With 30 chapters, well over 2,500 pages, and more acronyms than a self-help library, it’s unlikely that Working Group II’s (WGII) contribution to the Intergovernmental Panel on Climate Change’s (IPCC) Fifth Assessment Report (AR5) is going to be top of most CEO’s reading lists. It makes the most recent winner of the Booker Prize look succinct, which is no mean feat.
This is unfortunate, because embedded in the acronyms, percentage points and academic guardedness, lies a red flag that businesses urgently need to heed – especially global businesses, like those that dominate our stock exchanges and pension funds; like those that dictate our economic well-being.
Growing, growing, gone?
Leaked copies of the draft report highlight what has until now been a largely neglected aspect of climate change: its threat to growth. The authors state baldly that “climate change impacts will slow down economic growth” and that it will “create new poverty pockets in upper-middle- to high-income countries in which inequality is increasing”.
Pulling the various strands of data together, the report is warning that the future middle classes – on whom growth strategies depend – will not exist if climate change is left unmanaged. This is due to its knock-on effects on discretionary income, or purchasing power, which will be felt even where direct impacts (floods, droughts, extreme weather events and the like) are not.
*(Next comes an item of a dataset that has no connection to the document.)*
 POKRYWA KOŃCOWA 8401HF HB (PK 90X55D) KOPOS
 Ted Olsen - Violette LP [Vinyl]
Across the world, food and water are the two most critical components of basic living expenses. As such expenses rise, so discretionary income shrinks.
WG II draft projections for food prices are ominous: a combination of reduced crop yields in many regions, competition for scarce resources, disrupted supply chains and damaged infrastructure do not bode well. While in some areas the immediate effects of temperature increases may be positive, the authors are highly confident that such benefits will be “outweighed by the magnitude and severity of negative impacts”.
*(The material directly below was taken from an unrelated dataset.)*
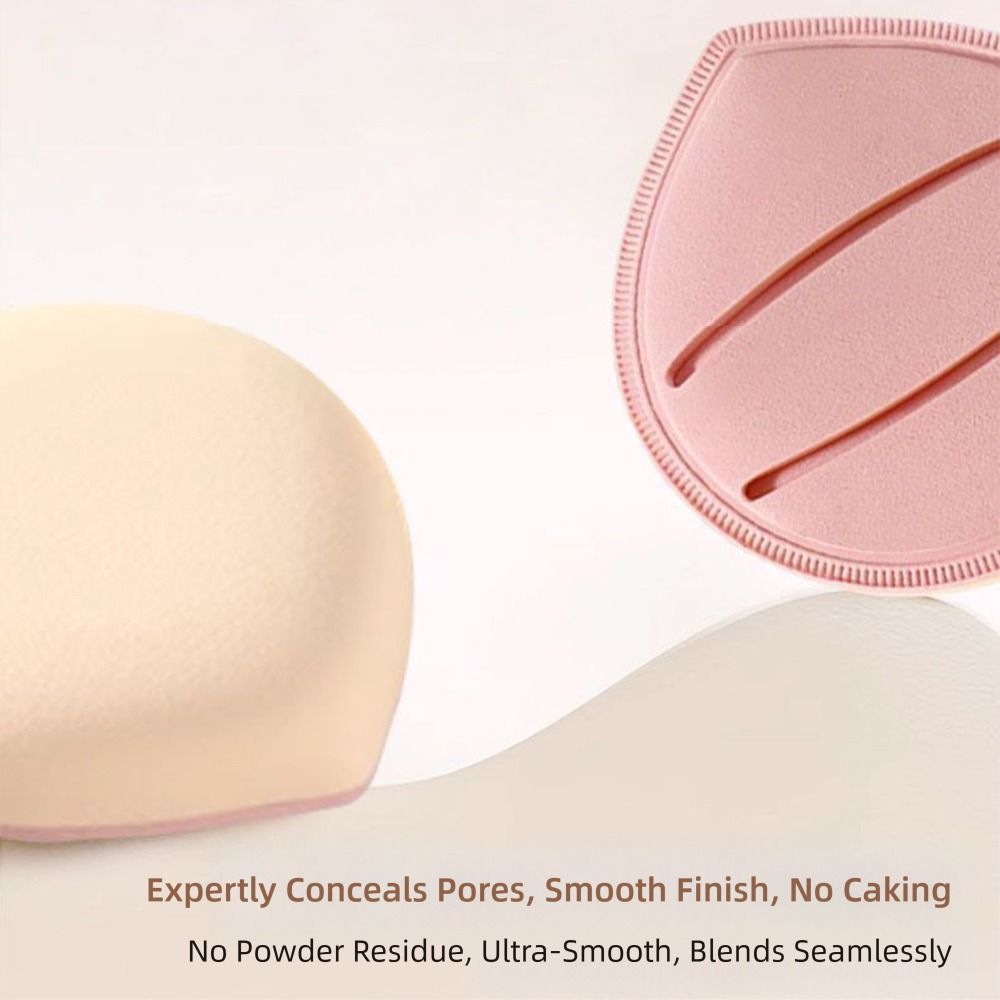 Spugna Cosmetica Grande in Cot - Cosmetic Sponge recensione e prezzo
The prospects for water prices are equally concerning. The draft discloses high agreement that “climate change is projected to reduce raw water quality and pose risks to drinking water quality”, while disruptions to water supply as a result of droughts and infrastructure damage are likely to increase competition for resources. The draft report’s considered assessment is that “each degree of warming is projected to decrease renewable water resources by at least 20% for an additional 7% of the global population”. These are the kind of disruptions that threaten to send prices rocketing.
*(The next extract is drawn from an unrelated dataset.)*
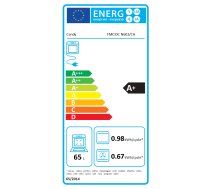 CANDY FMCIDC N602/CA FMCIDC N602/CA Iebūvējama elektriskā cepeškrāsns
In exposing the threat to not only the existing poor and marginalised, but also to the ranks of the existing middle classes, the draft report is calling into question the prosperity of the very people earmarked as the future consumers of the products and services that businesses deliver. Any business that depends on spending from discretionary income – which includes sectors as diverse as fast-moving consumer goods and fashion, technology and transport – will need to re-assess the foundations of its consumer base. Moreover, as the draft report makes clear, climate change is already making itself felt: this risk is immediate and very real.
The urgent case for collaboration
To date, many of the businesses that have responded to warnings of climate change have been motivated by perceived opportunities in the low carbon economy; or from a sense of corporate responsibility (which has not always been easy to justify to shareholders); or, increasingly, because of an appreciation of the operational risks it entails and/or the risks posed by changes to the regulatory framework.
WG II’s report creates a new context for action. It draws attention to the liabilities posed by climate change to the vast majority of businesses’ value bases. As the cost of basic amenities escalates, it will render non-essential goods and services less affordable and less relevant.
This liability is not a matter that can be managed internally by businesses. Transforming our real-economy to ensure climate stability, requires collaboration among businesses, NGOs, governments and other actors.
CEOs really should get reading. The Technical Summary is only 76 pages. It might be worth it.